Required action:
Starting with the line that has "Σαλέ Ranch Dei Salassi" and finishing with the line that has "Image de Roskilde", set down each line below exactly. Pictures are not copied.

Exercise material:
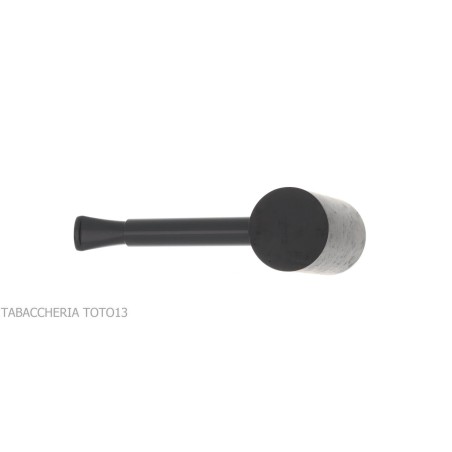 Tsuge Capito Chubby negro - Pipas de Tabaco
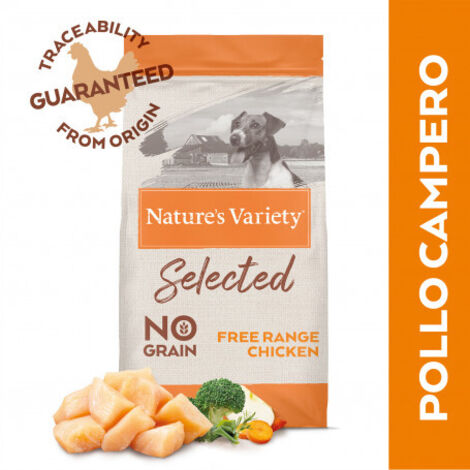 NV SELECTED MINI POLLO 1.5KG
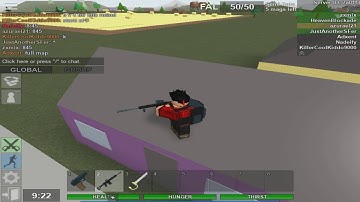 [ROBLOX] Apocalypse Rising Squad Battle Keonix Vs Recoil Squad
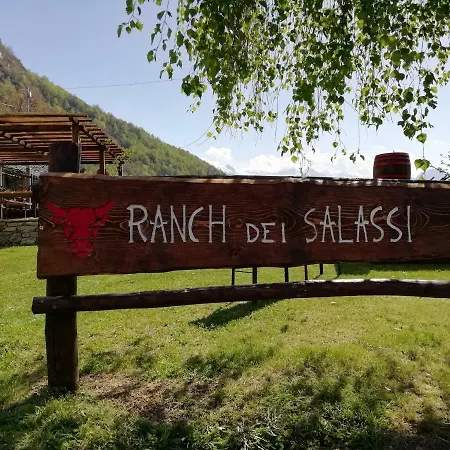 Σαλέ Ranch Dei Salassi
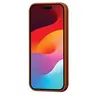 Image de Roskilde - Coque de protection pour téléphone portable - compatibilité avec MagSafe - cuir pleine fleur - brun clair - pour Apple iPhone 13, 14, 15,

---

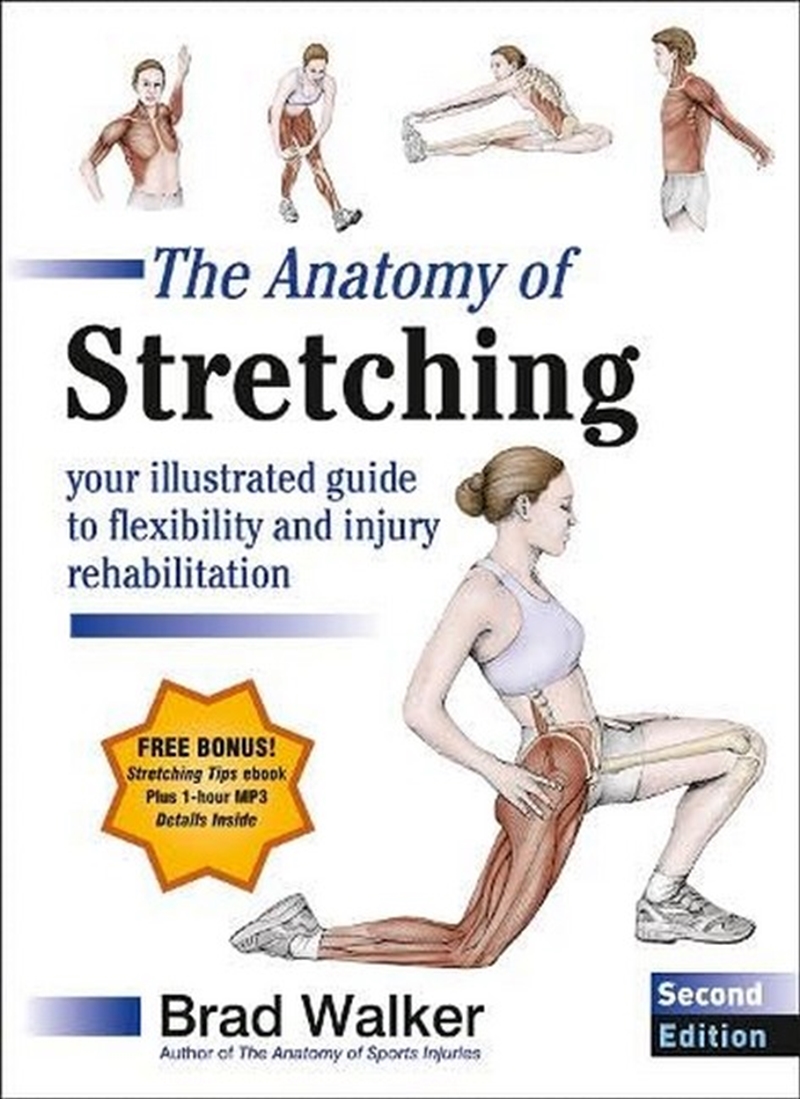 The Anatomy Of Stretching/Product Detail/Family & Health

---

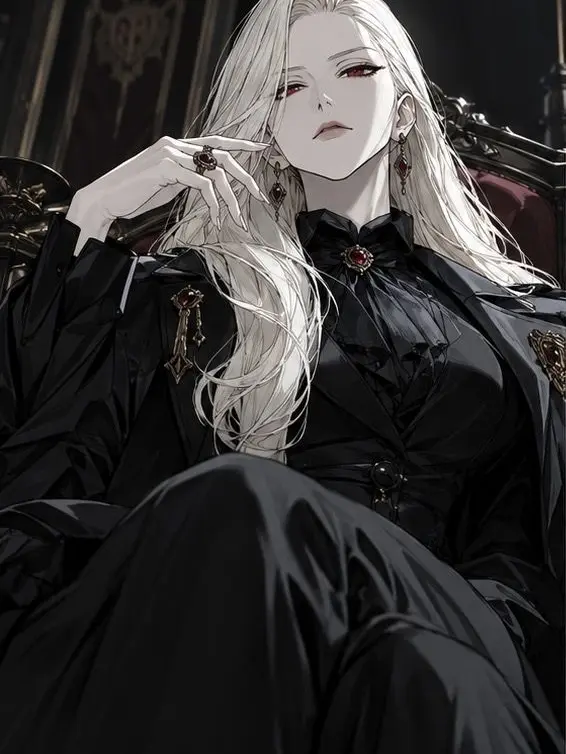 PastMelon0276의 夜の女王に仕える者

Exercise solution:
 Σαλέ Ranch Dei Salassi
 Image de Roskilde - Coque de protection pour téléphone portable - compatibilité avec MagSafe - cuir pleine fleur - brun clair - pour Apple iPhone 13, 14, 15,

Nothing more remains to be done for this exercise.